**Exercise**
Retype the material that follows exactly, limited to the lines from the one with "One has a moral" through the one with "Din Djarin and", and keep out all pictures.

**Entries supplied**

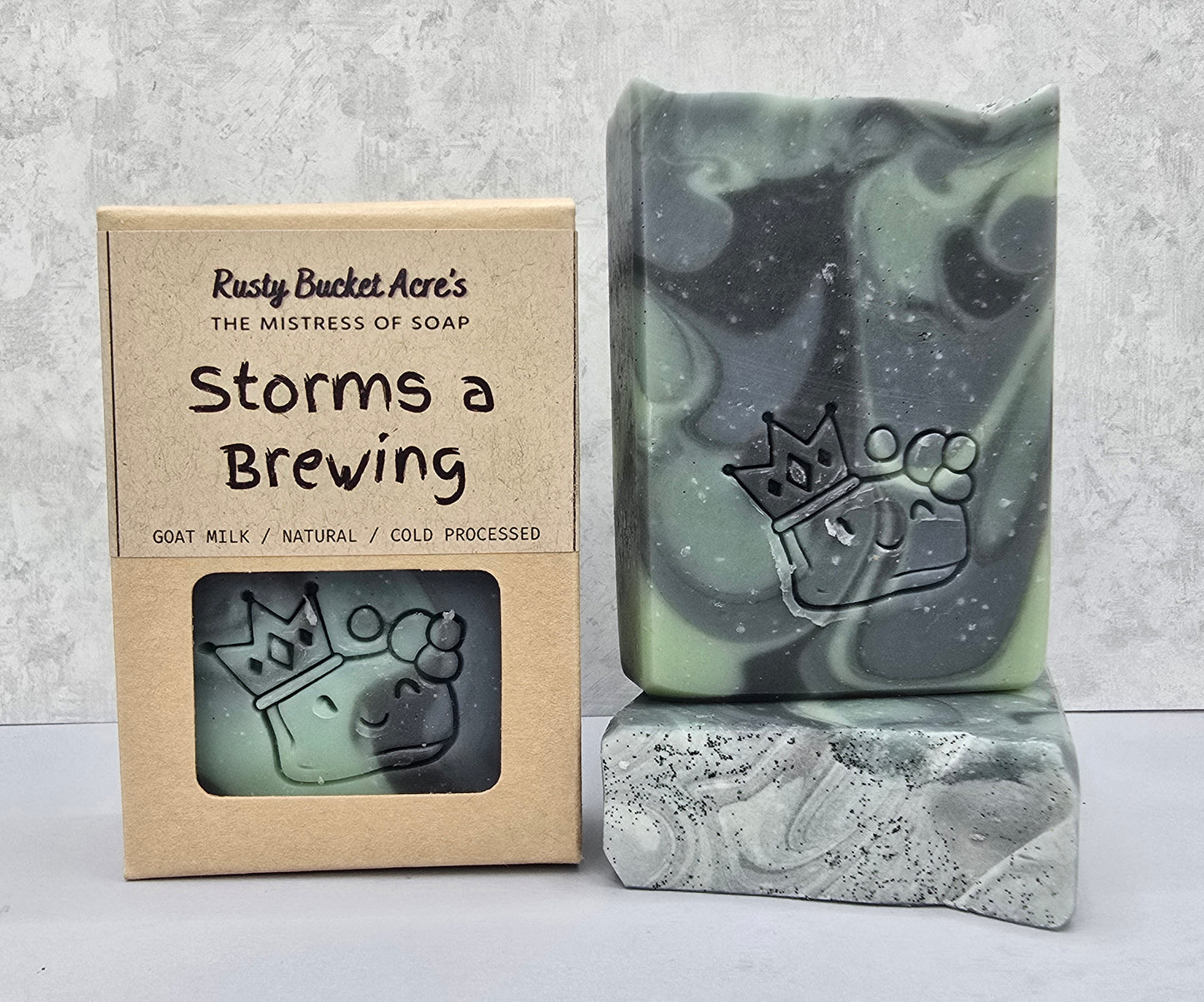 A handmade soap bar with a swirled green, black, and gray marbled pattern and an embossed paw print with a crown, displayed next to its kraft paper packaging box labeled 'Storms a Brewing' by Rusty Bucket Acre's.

==

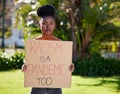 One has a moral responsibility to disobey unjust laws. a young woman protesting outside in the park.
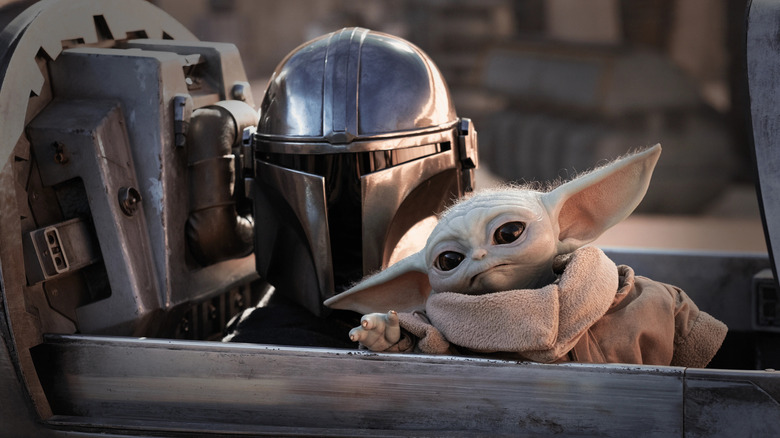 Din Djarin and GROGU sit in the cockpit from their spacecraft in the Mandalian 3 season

**Problem solution**
 One has a moral responsibility to disobey unjust laws. a young woman protesting outside in the park.
 Din Djarin and GROGU sit in the cockpit from their spacecraft in the Mandalian 3 season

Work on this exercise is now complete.